- Exercise directions: From the records below, transcribe only the lines running from the one with "666061418: Chica busca chico en Navarra" through the one with "Casa é incendiada". Keep both of those end lines.

**** Supplied records ****

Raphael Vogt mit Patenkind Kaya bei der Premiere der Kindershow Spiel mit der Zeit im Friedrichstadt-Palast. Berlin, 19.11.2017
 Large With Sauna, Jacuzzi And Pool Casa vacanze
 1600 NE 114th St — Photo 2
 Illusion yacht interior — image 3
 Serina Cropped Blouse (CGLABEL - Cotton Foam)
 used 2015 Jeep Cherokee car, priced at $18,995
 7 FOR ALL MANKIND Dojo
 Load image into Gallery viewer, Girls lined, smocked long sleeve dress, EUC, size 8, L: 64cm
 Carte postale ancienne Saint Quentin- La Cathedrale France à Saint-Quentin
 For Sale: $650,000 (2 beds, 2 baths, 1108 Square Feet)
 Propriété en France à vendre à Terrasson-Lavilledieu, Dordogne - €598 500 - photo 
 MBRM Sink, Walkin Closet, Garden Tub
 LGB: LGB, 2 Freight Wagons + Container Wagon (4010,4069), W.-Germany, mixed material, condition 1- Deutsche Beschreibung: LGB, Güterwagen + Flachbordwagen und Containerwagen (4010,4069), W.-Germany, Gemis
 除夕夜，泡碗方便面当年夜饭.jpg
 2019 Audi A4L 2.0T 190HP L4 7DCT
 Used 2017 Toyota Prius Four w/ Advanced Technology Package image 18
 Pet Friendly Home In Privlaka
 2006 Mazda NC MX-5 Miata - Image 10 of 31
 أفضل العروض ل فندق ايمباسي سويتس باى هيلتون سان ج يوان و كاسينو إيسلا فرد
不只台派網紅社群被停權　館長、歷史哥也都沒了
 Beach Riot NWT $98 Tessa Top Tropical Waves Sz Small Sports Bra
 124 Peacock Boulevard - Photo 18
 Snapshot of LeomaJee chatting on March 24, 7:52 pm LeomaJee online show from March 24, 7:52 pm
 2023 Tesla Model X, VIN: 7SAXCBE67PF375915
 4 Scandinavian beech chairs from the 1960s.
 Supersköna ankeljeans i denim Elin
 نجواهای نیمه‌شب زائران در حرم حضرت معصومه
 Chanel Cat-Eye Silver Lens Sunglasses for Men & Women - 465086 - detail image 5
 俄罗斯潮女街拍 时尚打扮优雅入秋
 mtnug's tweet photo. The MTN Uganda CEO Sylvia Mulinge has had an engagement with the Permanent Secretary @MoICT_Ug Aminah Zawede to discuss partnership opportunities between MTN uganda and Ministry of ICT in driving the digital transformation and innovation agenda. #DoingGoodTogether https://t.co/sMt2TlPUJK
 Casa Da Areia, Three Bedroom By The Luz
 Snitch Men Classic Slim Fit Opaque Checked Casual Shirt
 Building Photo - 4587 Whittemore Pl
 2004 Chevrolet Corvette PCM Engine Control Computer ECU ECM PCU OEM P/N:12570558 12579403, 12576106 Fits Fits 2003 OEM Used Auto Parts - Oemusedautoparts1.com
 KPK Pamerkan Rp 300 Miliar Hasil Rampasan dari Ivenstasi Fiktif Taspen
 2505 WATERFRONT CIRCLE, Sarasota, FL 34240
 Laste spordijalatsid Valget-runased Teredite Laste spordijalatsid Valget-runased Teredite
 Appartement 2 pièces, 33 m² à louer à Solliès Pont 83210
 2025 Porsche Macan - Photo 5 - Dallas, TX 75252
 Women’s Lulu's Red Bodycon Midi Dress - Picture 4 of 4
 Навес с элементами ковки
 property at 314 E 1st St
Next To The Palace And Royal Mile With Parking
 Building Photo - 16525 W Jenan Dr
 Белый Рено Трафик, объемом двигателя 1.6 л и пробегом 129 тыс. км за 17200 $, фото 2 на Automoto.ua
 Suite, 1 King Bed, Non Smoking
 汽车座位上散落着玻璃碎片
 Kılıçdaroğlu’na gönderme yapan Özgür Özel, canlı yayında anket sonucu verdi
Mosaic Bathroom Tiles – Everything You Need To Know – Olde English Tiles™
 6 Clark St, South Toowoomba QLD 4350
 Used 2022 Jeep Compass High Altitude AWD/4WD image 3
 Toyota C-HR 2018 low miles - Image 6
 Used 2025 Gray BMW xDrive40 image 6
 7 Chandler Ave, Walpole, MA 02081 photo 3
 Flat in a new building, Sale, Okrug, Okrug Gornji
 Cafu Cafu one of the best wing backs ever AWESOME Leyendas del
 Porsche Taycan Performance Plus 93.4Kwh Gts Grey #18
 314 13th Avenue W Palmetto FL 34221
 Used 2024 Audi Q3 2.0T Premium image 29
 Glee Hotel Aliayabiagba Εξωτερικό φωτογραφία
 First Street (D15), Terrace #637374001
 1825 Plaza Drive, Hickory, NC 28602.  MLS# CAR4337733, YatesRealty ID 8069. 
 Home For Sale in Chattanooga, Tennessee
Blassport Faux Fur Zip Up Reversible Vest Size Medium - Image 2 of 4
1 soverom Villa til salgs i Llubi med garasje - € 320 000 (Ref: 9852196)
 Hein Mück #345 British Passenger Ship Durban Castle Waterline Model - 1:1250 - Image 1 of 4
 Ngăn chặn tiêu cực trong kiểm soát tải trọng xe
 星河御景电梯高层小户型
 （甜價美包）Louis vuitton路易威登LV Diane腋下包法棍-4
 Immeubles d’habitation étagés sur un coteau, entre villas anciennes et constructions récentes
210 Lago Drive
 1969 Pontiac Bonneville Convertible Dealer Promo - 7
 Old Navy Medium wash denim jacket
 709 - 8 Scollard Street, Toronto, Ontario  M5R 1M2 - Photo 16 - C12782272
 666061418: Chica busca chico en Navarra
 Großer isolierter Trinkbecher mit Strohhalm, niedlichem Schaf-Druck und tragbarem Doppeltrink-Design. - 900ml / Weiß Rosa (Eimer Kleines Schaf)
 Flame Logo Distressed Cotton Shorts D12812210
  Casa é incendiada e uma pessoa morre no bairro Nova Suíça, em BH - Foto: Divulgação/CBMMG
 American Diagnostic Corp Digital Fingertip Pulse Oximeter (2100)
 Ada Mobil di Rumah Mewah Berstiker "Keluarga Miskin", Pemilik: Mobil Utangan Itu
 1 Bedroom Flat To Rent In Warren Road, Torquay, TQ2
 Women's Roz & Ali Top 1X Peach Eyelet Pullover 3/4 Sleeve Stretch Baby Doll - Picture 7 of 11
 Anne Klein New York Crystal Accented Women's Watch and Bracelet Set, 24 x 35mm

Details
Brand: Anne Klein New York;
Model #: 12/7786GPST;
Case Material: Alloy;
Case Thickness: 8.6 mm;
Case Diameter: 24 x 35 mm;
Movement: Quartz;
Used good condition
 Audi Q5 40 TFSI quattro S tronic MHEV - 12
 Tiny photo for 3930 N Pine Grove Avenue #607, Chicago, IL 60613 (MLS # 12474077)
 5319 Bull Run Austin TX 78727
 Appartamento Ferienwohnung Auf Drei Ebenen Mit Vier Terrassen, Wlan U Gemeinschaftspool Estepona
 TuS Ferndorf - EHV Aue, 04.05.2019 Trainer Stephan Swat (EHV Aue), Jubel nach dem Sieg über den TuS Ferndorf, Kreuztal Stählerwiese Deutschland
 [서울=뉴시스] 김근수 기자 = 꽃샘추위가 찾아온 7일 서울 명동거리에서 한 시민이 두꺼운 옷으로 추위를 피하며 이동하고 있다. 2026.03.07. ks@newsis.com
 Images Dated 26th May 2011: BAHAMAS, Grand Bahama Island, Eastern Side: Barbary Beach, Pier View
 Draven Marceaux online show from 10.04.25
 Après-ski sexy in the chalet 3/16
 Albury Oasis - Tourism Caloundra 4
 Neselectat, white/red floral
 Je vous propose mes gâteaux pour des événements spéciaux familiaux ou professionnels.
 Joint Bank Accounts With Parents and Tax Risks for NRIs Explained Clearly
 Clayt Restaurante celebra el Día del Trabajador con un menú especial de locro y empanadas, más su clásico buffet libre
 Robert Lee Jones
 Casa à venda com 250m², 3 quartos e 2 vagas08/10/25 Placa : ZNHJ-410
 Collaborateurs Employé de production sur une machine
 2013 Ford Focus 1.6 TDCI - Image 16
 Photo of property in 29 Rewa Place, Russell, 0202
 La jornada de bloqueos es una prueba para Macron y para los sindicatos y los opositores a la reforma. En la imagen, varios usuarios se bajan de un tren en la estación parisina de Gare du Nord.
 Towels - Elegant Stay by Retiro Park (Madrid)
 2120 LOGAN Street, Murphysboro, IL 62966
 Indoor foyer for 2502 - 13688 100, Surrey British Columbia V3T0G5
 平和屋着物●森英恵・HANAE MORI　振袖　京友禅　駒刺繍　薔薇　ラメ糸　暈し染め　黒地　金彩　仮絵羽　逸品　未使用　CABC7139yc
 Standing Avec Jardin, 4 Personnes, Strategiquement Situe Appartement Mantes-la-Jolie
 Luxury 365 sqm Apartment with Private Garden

****

- Answer to this problem:
 666061418: Chica busca chico en Navarra
 Großer isolierter Trinkbecher mit Strohhalm, niedlichem Schaf-Druck und tragbarem Doppeltrink-Design. - 900ml / Weiß Rosa (Eimer Kleines Schaf)
 Flame Logo Distressed Cotton Shorts D12812210
  Casa é incendiada e uma pessoa morre no bairro Nova Suíça, em BH - Foto: Divulgação/CBMMG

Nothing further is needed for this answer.